[Date Prev][Date Next][Thread Prev][Thread Next][Date Index][Thread Index]
Re: [PATCH v8 5/5] multifd: Implement zero copy write in multifd migrati
From: |
Leonardo Bras Soares Passos |
Subject: |
Re: [PATCH v8 5/5] multifd: Implement zero copy write in multifd migration (multifd-zero-copy) |
Date: |
Mon, 21 Feb 2022 16:41:55 -0300 |
Hello Juan, thanks for the feedback!
On Fri, Feb 18, 2022 at 1:57 PM Juan Quintela <quintela@redhat.com> wrote:
>
> Leonardo Bras <leobras@redhat.com> wrote:
> > Implement zero copy send on nocomp_send_write(), by making use of QIOChannel
> > writev + flags & flush interface.
> >
> > Change multifd_send_sync_main() so flush_zero_copy() can be called
> > after each iteration in order to make sure all dirty pages are sent before
> > a new iteration is started. It will also flush at the beginning and at the
> > end of migration.
> >
> > Also make it return -1 if flush_zero_copy() fails, in order to cancel
> > the migration process, and avoid resuming the guest in the target host
> > without receiving all current RAM.
> >
> > This will work fine on RAM migration because the RAM pages are not usually
> > freed,
> > and there is no problem on changing the pages content between
> > writev_zero_copy() and
> > the actual sending of the buffer, because this change will dirty the page
> > and
> > cause it to be re-sent on a next iteration anyway.
> >
> > A lot of locked memory may be needed in order to use multid migration
> ^^^^^^
> multifd.
>
> I can fix it on the commit.
No worries, fixed for v9.
>
>
> > @@ -1479,7 +1479,16 @@ static bool migrate_params_check(MigrationParameters
> > *params, Error **errp)
> > error_prepend(errp, "Invalid mapping given for
> > block-bitmap-mapping: ");
> > return false;
> > }
> > -
> > +#ifdef CONFIG_LINUX
> > + if (params->zero_copy_send &&
> > + (!migrate_use_multifd() ||
> > + params->multifd_compression != MULTIFD_COMPRESSION_NONE ||
> > + (params->tls_creds && *params->tls_creds))) {
> > + error_setg(errp,
> > + "Zero copy only available for non-compressed non-TLS
> > multifd migration");
> > + return false;
> > + }
> > +#endif
> > return true;
> > }
>
> Test is long, but it is exactly what we need. Good.
Thanks!
>
>
> >
> > diff --git a/migration/multifd.c b/migration/multifd.c
> > index 43998ad117..2d68b9cf4f 100644
> > --- a/migration/multifd.c
> > +++ b/migration/multifd.c
> > @@ -568,19 +568,28 @@ void multifd_save_cleanup(void)

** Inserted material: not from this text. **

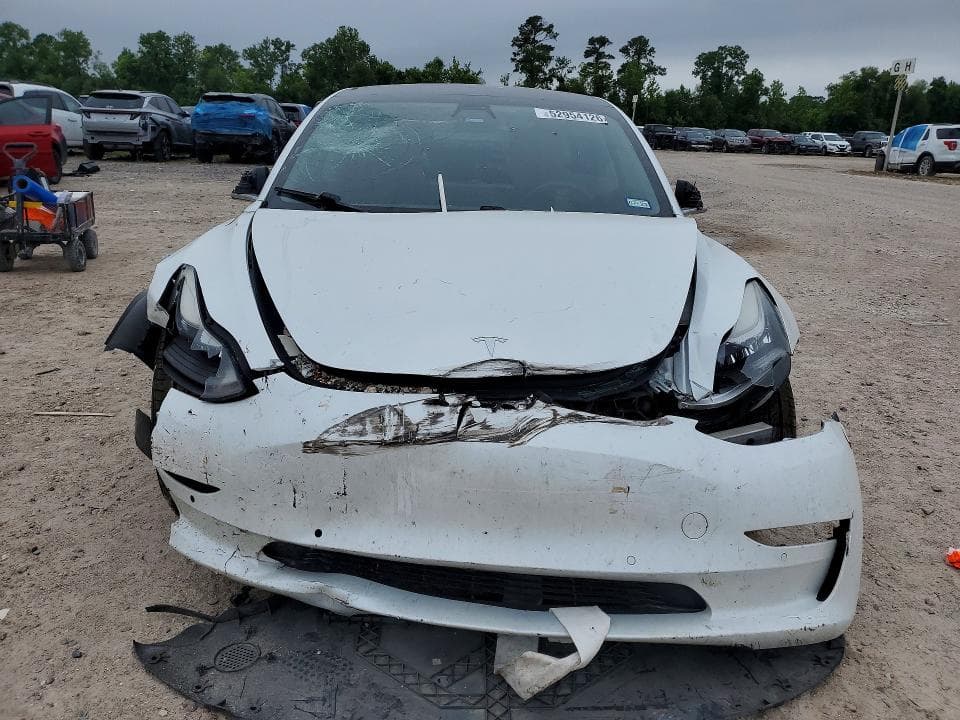 2019 TESLA MDL 3 5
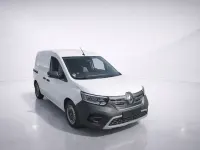 Gebraucht Renault Kangoo 89 kW (122 PS) 2022 Weiß Van / Kleinbus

> > multifd_send_state = NULL;
> > }
> >
> > -void multifd_send_sync_main(QEMUFile *f)
> > +int multifd_send_sync_main(QEMUFile *f)
> > {
> > int i;
> > + bool flush_zero_copy;
> >
> > if (!migrate_use_multifd()) {
> > - return;
> > + return 0;
> > }
> > if (multifd_send_state->pages->num) {
> > if (multifd_send_pages(f) < 0) {
> > error_report("%s: multifd_send_pages fail", __func__);
> > - return;
> > + return 0;
> > }
> > }
> > +
> > + /*
> > + * When using zero-copy, it's necessary to flush after each iteration
> > to
> > + * make sure pages from earlier iterations don't end up replacing newer
> > + * pages.
> > + */
> > + flush_zero_copy = migrate_use_zero_copy_send();
> > +
> > for (i = 0; i < migrate_multifd_channels(); i++) {
> > MultiFDSendParams *p = &multifd_send_state->params[i];
> >
> > @@ -591,7 +600,7 @@ void multifd_send_sync_main(QEMUFile *f)
> > if (p->quit) {
> > error_report("%s: channel %d has already quit", __func__, i);
> > qemu_mutex_unlock(&p->mutex);
> > - return;
> > + return 0;
> > }
> >
> > p->packet_num = multifd_send_state->packet_num++;
> > @@ -602,6 +611,17 @@ void multifd_send_sync_main(QEMUFile *f)
> > ram_counters.transferred += p->packet_len;
> > qemu_mutex_unlock(&p->mutex);
> > qemu_sem_post(&p->sem);
> > +
> > + if (flush_zero_copy) {
> > + int ret;
> > + Error *err = NULL;
> > +
> > + ret = qio_channel_flush(p->c, &err);
> > + if (ret < 0) {
> > + error_report_err(err);
> > + return -1;
> > + }
> > + }
> > }
> > for (i = 0; i < migrate_multifd_channels(); i++) {
> > MultiFDSendParams *p = &multifd_send_state->params[i];
> > @@ -610,6 +630,8 @@ void multifd_send_sync_main(QEMUFile *f)
> > qemu_sem_wait(&p->sem_sync);
> > }
> > trace_multifd_send_sync_main(multifd_send_state->packet_num);
> > +
> > + return 0;
> > }
>
> We are leaving pages is flight for potentially a lot of time. I *think*
> that we can sync shorter than that.
>
> > static void *multifd_send_thread(void *opaque)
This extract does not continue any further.